Spending time at your childhood home over the holidays is wonderful—the first day or two. Then you need help. With that in mind, let us present an assortment of everything you’ll need to make it through, all of which will fit in the black Tom Ford duffel ($4,610) in the upper-left-hand corner.
On the far left is a woven Bottega Veneta slipper ($530), so your feet will be comfortable as you listen to Mom’s third husband explain the ins and outs of the shotgun offense. Close by is the Armand Diradourian eye patch and pillow ($215) to help you survive the cramped coach cabin during the flight there.

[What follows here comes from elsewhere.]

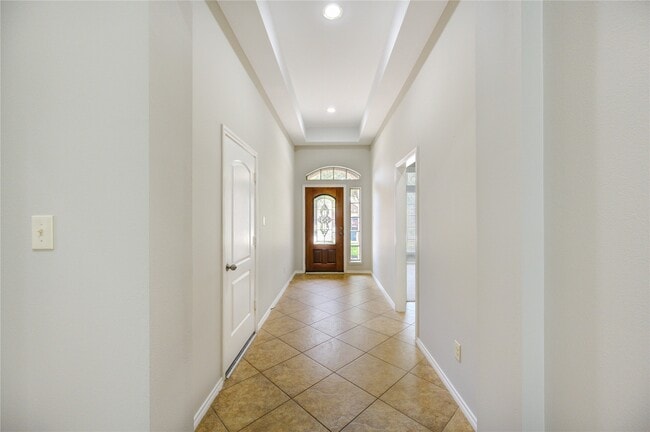 Building Photo - 5615 Stoneridge Ct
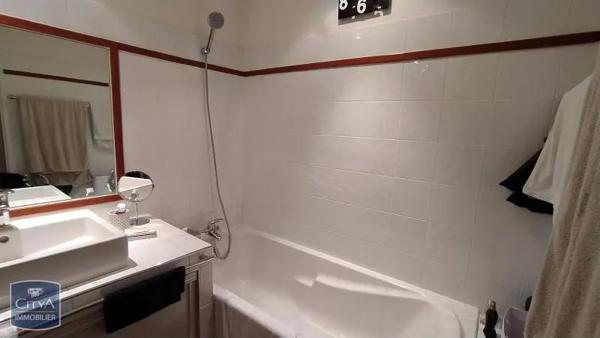 Appartement à louer 2 pièces 55.75m² Nîmes (30900)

The festive Ralph Lauren tartan socks ($18) are a surefire gift; take a dozen. The Best Made Company flask ($98) fits in almost any pocket—step away from the table for a fortifying sip or two. Or three.
The Turnbull & Asser handkerchief ($98) is for the copious tears you will cry on night three (in your old bedroom, with the Smiths poster on the wall). The Comme des Garçons Super Fluo pouch ($106) is the place to stash the pills (prescription!) to keep your mood aloft. The Mont Blanc Meisterstuck pen ($935) and Smythson Panama notebook ($80) will allow you, late at night, to scribble the thoughts you could not utter during the day.

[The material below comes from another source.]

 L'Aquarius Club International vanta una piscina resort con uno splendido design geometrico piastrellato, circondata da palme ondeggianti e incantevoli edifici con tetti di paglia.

The BeoPlay H6 headphones ($399) block out the outside world completely. Plug them into your iPad, which is protected from the grimy hands of inquisitive preschool-age nephews in a Pierre Hardy iPad Mini case ($195); the Adopted white/gold leather wrap case ($40) keeps your iPhone 6 safe.
The Cire Trudon Nazareth candle ($105) will assist you in your attempt at a spiritual moment once the festivities have died down—a process helped along by the Paul Morelli necklace and meditation bell ($17,050). Ommm.
The collapsible Ghurka tray ($175) holds precious items, including the Cartier bracelet ($4,650). Also pictured: Our fashion director’s Rolex Datejust watch ($7,150).
Here we have a pair of Dior Homme Black Tie sunglasses ($490) to hide your eyes the morning after a rough night, and a Maiden Noir beanie ($30) for melancholy strolls through your old hometown. The Bond No. 9 Tola ($300) cologne will conceal the smell of desperation.
Finally, the red Mark Cross card wallet ($495) will hold the driver’s license you no longer need to show at the tavern in town; and, voilà, to give you a close shave or just to fill your head with amusingly morbid fantasies of ending it all, the Baxter of California x Base Camp straight razor ($350).